*** Block opens ***

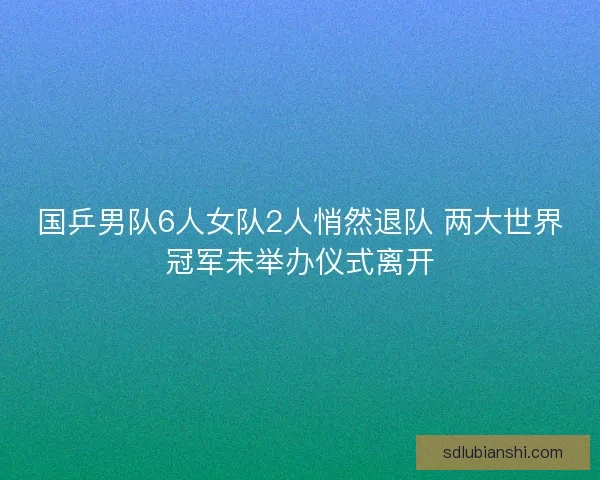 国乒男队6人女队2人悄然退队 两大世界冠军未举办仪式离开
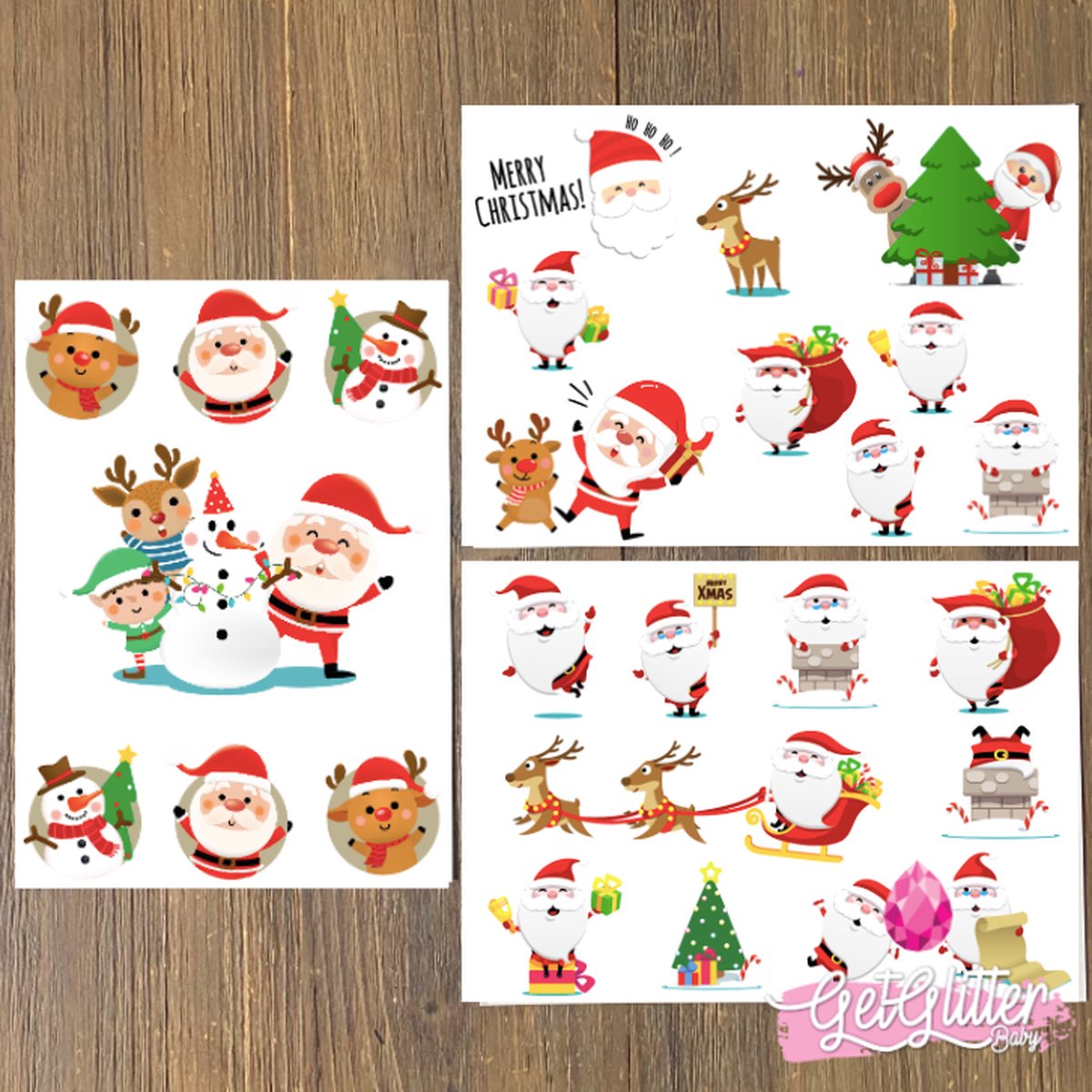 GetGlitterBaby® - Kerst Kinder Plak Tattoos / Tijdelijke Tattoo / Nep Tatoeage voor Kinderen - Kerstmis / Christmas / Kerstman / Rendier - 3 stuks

*** Block closes ***
*** Block opens ***

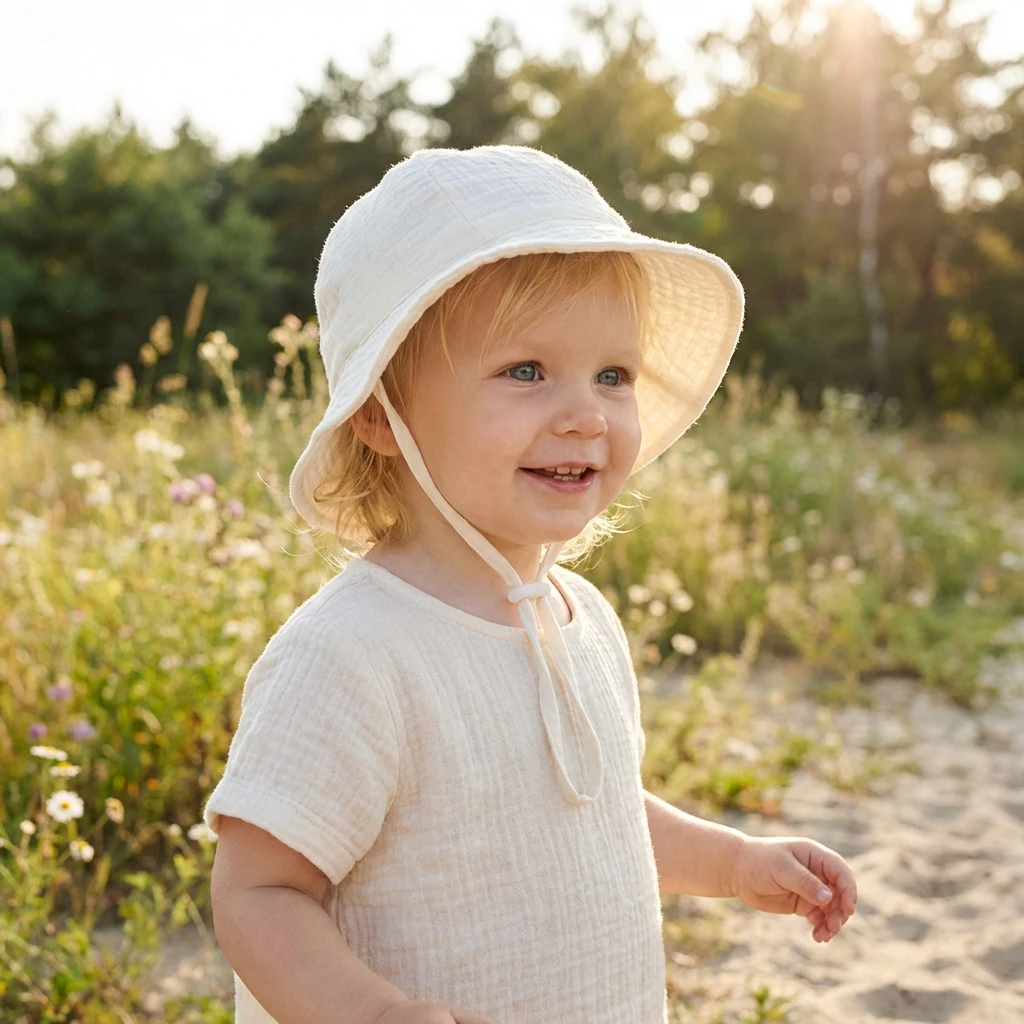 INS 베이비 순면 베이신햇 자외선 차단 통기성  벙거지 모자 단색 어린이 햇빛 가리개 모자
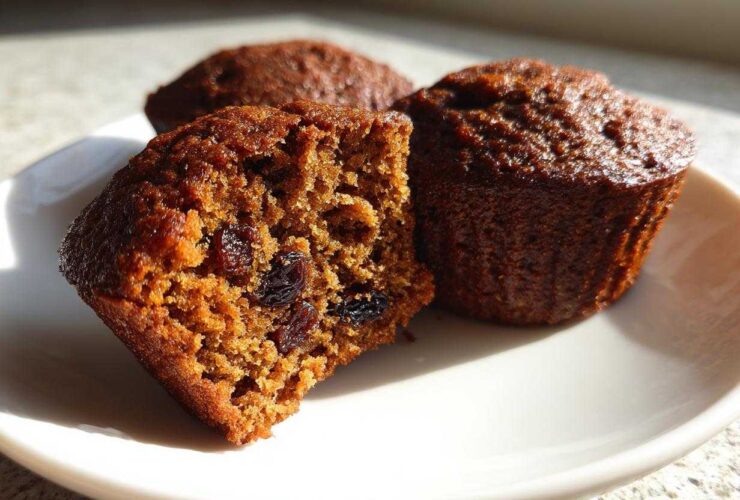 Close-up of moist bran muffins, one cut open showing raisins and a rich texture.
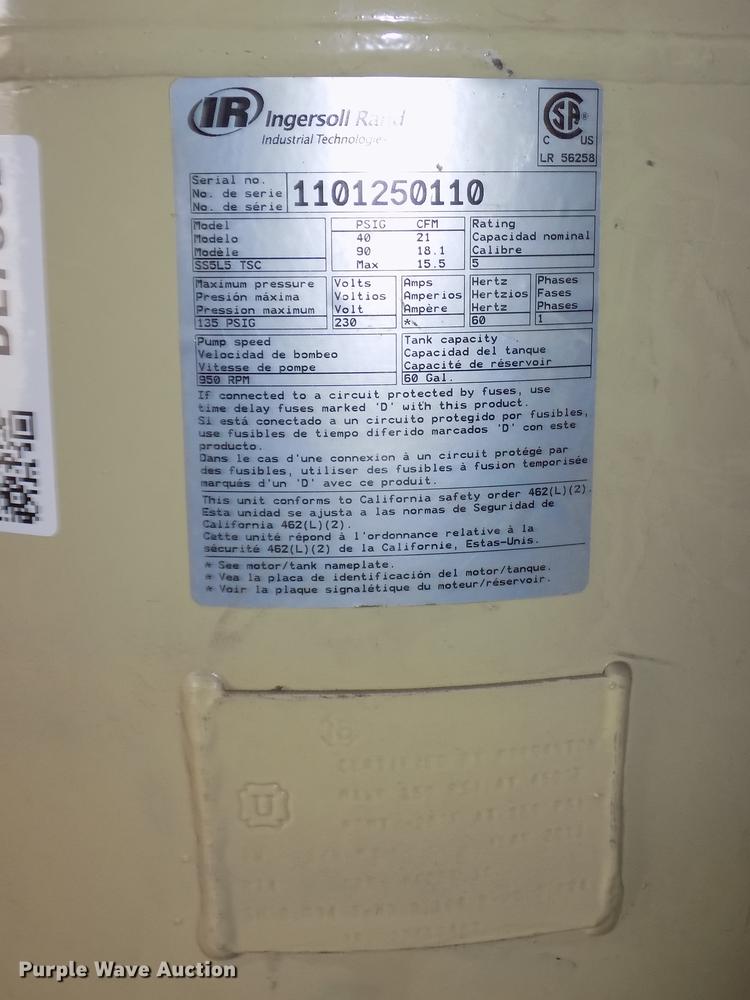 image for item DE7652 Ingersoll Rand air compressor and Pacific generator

*** Block closes ***

Work order: From the material above, give again exactly the lines from the one that contains "INS 베이비 순면 베이신햇" through the one that contains "image for item", and leave out the pictures.

Response:
 INS 베이비 순면 베이신햇 자외선 차단 통기성  벙거지 모자 단색 어린이 햇빛 가리개 모자
 Close-up of moist bran muffins, one cut open showing raisins and a rich texture.
 image for item DE7652 Ingersoll Rand air compressor and Pacific generator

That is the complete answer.